House Boncher, built between 1978 and 1984, combined materials from a slaughterhouse in Tienen and a military HQ in Verviers, the triumphal portal of which found itself framing the doorway of the suburban villa in a striking surrealist montage. Awkward junctions where the reclaimed elements didn’t quite meet were not hidden, but celebrated. A staircase connecting the bedroom and study was too short, so Raymaekers made a feature out of it, designing a big bump of bricks as the missing step, surrounded by a starburst of coloured marble.
For the Rubensexclusief, a love hotel built in the Brabant countryside in 1979, he went all out with the bordello chic, concocting a ripe confection of stucco mouldings, stained glass, padded seating and mirrors.

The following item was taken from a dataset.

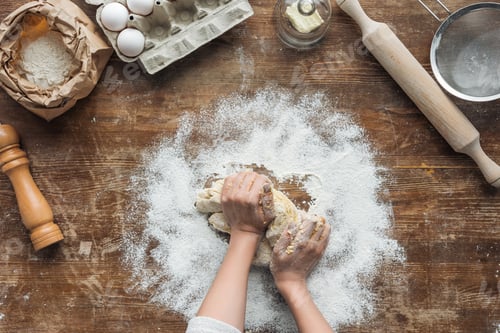Preview: top view of female hands making dough on wooden table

A church confessional booth housed a nifty secret escape route, should unwanted visitors show up unannounced.
With its witty reinventions and radical juxtapositions, the work avoided sentimentality, nostalgia or pastiche. “I feel like a modernist,” Raymaekers said in 1991, “giving old materials a new application.”
In their epilogue, the authors examine what lessons his curious approach might have on today’s efforts to move towards circular construction (reusing, refurbishing and upcycling) and reducing embodied carbon. The days of such abundant, regal salvage are long gone, the historic buildings so readily bulldozed in the 1960s now thankfully protected. Cost is also a barrier, given the extra labour involved in dismantling buildings carefully, compared with crushing them into aggregate. But, as Rotor argues, if the price of new materials had to reflect their impact – on the environment, the labour market and society at large – then used materials would instantly become more competitive.
They make a plea for architects and builders to learn from Raymaekers’ attitude (if not his tax affairs), in terms of embracing a looser, more collaborative approach to improvisation on-site and appreciating pre-used components and their patina. If we want the circular building economy to flourish, they argue, we must move beyond technocratic solutions and adopt practices that are culturally and aesthetically meaningful – and learn Raymaekers’ skill of rearranging used elements into new compositions with raucous flair and unbridled delight. If sustainable design can be this much fun, how can anything stand in its way?